When You Are a Bovine, Brown Is Better Than White…

Every year I hope for a nice pretty brown Christmas.  It isn’t that I don’t think that snow is beautiful, rather it is that snow storms are hard on my cattle and make my chores more difficult.

Lots of curious ice covered faces greet me...

Lots of curious ice covered faces greet me…

I have found over the past 17 years that snow rarely falls in a vertical pattern across the plains of Nebraska.  Instead, it whips viciously and horizontally across the horizon.

It settles in the roadside ditches camouflaging where the road ends and the ditch begins...

It settles in the roadside ditches camouflaging where the road ends and the ditch begins…

The snow makes drifts as is blows across the prairie.  There are times that these drifts are taller than I am.  Fortunately, this go round we have only small drifts…

Here you can see the snow drifting and blowing over the feed bunk...

Here you can see the snow drifting and blowing over the feed bunk…

We place our cattle on a special feed ration (casserole) to help them stay warm during inclement winter weather.  We also have windbreaks in the home pens so that they can huddle up and seek protection from the wind.
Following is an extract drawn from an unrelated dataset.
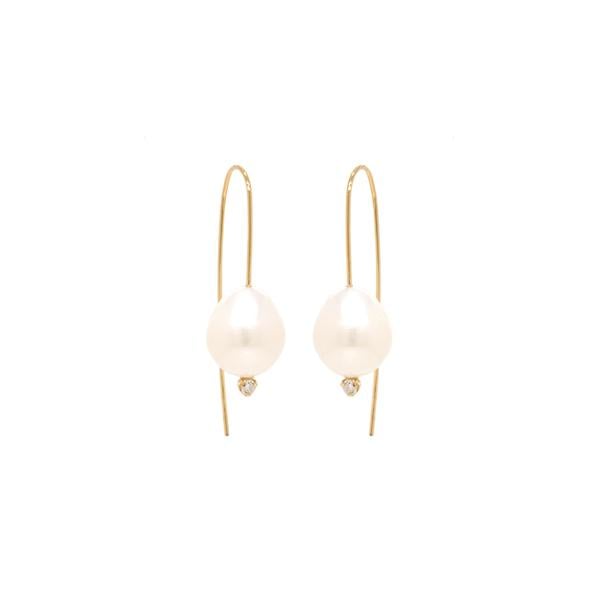 ZOË CHICCO 14K Gold Wire Earrings With Baroque Pearls And Prong Set Diamonds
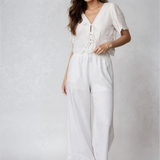 Eyelet Detail Linen Pants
Up at the feed bunk eating the nutritious feed that will help them to stay warm...

Up at the feed bunk eating the nutritious feed that will help them to stay warm…

A constant source of fresh water is vitally important to our cattle’s well-being.  When the snow is blowing and the temperatures hover around zero, it is a challenge to keep our water tanks free of ice.  We have temperature control valves in each of our tanks which helps the water move around the tank and remain open despite the frigid temperatures.  Sometimes we have to chip ice off of the tanks when the valve system fails to keep the waters open.

Water is important --- no matter if is it warm or cold...

Water is important — no matter if is it warm or cold…

I am always amazed that even in times of brutal weather, the cattle still want to run and play around their home pens.  I have on so many layers of clothing that I waddle like a penguin, but the cattle deftly chase each other demonstrating that to them it is spunky weather.

They are far more agile than I am in the bone chilling cold...

They are far more agile than I am…

Down the gravel road about a mile, the Mama cows of some of the cattle in the feed yard are grazing a corn stalk field and gestating next year’s calf crop.  They also seem to take the cold weather in stride (at least better than this Florida girl does…).

I laughed as I watched her calmly eat the corn stalk that she rummaged from the field...

I laughed as I watched her calmly eat the corn stalk that she rummaged from the field…

Although I love the seasons because they mark a simple passage of time, winter is my least favorite of the four.  Each year, about the middle of February, my toes want to bury themselves in the warm sand of a Florida beach instead of bundling up inside my winter boots!

The ice and snow turn this black calf into a white/gray color...

It is amazing to me that the snow/ice can make a black calf look this color!

What do you do to get through the cold winter months?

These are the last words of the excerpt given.